"It has been suggested that REV-ERB is a core component of our clock," said Burris. "Mice without it are arrhythmic. This study demonstrated that when we give mice a synthetic compound that turns REV-ERB on, it altered their circadian rhythm," Burris said.
Circadian rhythm refers to biological processes that cycle every 24 hours. In mammals, the internal clock that maintains circadian rhythm is essential for normal physiological functions. The rhythms can, however, be disrupted, and dysregulation of circadian rhythm is associated with many disorders, including metabolic disease and neuropsychiatric disorders including bipolar disorder, anxiety, depression, schizophrenia and sleep disorders.
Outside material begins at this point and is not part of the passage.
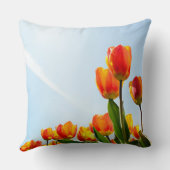 オレンジおよび赤いチューリップ下方から クッション (裏面)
The team examined effects of the REV-ERB drug on patterns of sleep and wakefulness and found that the compound increases wakefulness, reduces REM and slow-wave sleep, and, notably, decreases anxiety.
This is an interesting finding because it is unusual, researchers said. Frequently, drugs that increase arousal (wakefulness) also increase anxiety and drugs that decrease anxiety also decrease arousal. An exception to this common pattern is nicotine.
The REV-ERB drug, on the other hand, appears to target the clock in a way that is distinct from these common pathways.Burris speculated that REV-ERB targeted drug effect on the clock would modulate reward-seeking behaviour, and so may be useful in treating addiction. The research is published in the journal Nature Communications.